Keeping your WordPress installation and plugins updated is an important yet annoying task. Following and the news on WordPress releases, monitoring the versions for the dozens of plugins installed, and then going through the upgrade can be very time consuming, especially if you’re running a few blogs. This post includes a few tips and ideas on how to make the WordPress installations and plugins upgrade easier.
WordPress up to date using a plugin
Consider using the InstantUpgrade Plugin. Although it might be scary to have some program do the whole upgrade automatically upon a new release – it usually works quite well :
There’s no doubt about it: Upgrading is annoying. You must download the new version, unpack it, delete the old files, copy in the new files, run an upgrading routine.
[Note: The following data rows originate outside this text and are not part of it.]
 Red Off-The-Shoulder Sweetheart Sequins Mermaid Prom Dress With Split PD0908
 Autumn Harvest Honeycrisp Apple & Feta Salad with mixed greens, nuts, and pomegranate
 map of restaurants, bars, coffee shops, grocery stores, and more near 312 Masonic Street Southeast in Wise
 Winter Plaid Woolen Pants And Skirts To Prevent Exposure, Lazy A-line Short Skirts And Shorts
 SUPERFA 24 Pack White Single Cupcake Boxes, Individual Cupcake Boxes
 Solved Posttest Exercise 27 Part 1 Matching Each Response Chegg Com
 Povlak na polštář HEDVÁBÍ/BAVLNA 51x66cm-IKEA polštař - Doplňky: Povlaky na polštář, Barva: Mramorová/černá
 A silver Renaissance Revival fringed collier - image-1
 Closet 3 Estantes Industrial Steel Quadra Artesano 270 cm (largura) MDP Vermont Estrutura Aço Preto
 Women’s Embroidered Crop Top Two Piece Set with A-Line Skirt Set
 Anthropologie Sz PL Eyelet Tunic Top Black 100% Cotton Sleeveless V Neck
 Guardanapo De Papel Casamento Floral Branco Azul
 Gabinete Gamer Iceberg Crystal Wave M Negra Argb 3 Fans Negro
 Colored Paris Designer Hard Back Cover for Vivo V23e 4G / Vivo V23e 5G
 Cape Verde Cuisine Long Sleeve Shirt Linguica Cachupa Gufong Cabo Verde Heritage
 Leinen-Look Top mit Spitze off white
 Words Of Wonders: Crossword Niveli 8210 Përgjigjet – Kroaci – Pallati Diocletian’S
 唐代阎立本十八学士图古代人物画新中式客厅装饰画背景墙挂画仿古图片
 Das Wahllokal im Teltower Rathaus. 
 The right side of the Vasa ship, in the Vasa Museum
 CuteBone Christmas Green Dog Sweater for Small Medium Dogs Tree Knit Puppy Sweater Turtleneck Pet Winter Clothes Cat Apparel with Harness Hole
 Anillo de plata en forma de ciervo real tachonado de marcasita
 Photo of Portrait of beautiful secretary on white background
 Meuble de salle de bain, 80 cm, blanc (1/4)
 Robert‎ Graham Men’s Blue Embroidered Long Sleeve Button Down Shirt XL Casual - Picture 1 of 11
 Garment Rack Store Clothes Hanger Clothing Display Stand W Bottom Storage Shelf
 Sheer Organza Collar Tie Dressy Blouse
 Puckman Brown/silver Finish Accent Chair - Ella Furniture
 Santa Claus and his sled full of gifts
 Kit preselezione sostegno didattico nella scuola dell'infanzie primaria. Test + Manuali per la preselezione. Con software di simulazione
Now for WordPress users, much of this is obsolete. The InstantUpgrade plugin provides is a easy and safe way to upgrade your WordPress automatically with a single click! (It is to say that it needs some preparations, though.) You can upgrade to the latest WordPress version, or you can upgrade to a version of your choice.
WordPress up to date using a PHP script
Aaron Brazell of Technosailor wrote a PHP script that will take care of the upgrade for you. Use this with extreme care. You can either execute as any other PHP file, running PHP from your shell or using a PHP-shell, executed as a cron job etc.
I mentioned before that I run WordPress trunk and that every day, the auto upgrade script runs, upgrades this blog and sends me a detailed email regarding the upgrade. Not only does this help me keep track of changes from revision to revision without having to go browsing the repository, it gives me a handy reference in case I have to roll back.
WordPress up to date using a shell script
The script is very simple:
- Download the latest WordPress archive from the website
- Uncompress it to a temporary location
- Migrate all of the themes, plugins and uploads
- Copy over wp-config.php
- Back up the old version
- Move the new version into the proper folder
Not exactly right? try Harper’s script–
So I was thinking, I hate upgrading my wordpress. I hate it. I agree 100% with Matt Cutts about how wordpress has one of the most clunky and cruft creating upgrade process. So annoying. And it gets even more annoying when you are doing it with 50 blogs. stupid friends. hah. So awhile ago I created this script which basically lets me just execute a small number of commands to upgrade a wordpress blog.
Or maybe Techtites’ :
For those who have shell access upgrading WordPress can be a lot less painful and this guide hopes to set you establish just that. I upgraded three installations in less than fifteen minutes. It would have been faster but I am sure I saved a great more time had I to do it the hard way!
Other small WordPress upgrade issues
A few additional suggestions :
- Whatever you choose to do, it is recommended that you run an automated backup of both your WordPress database and files.
- Don’t use Fantastico for automated upgrades, or better yet – don’t use Fantastico at all.
- WordPress.org recommends that you disable all the plugins before every upgrade. To quickly do that use “1 Click to Stop & Start Plugins“.
WordPress plugins up to date
Now plugins is where it gets REALLY complicated. The Update Manager plugin used to do a really good job, though recently wp-plugins.net started playing around with turning their API off/on:
Update Manager is a new WordPress admin plugin that helps you keep your plugins up to date. This helps to ensure you always have all the latest bug fixes, security patches and gadgets at your fingertips.
If that’s not working, try PlugInstaller WP plugin which uses a wp-plugins.net alternative method:
PlugInstaller is a WordPress plugin-management plugin that eliminates the need to download a plugin archive, upload it to your FTP server and unpack it manually. With PlugInstaller, you can easily enter a plugin URL (e.g. directly from a plugin repository website like the WordPress.org plugin repository) within the admin interface which is in turn automatically downloaded and installed on your server or you can upload a file from your local file system which is also automatically installed.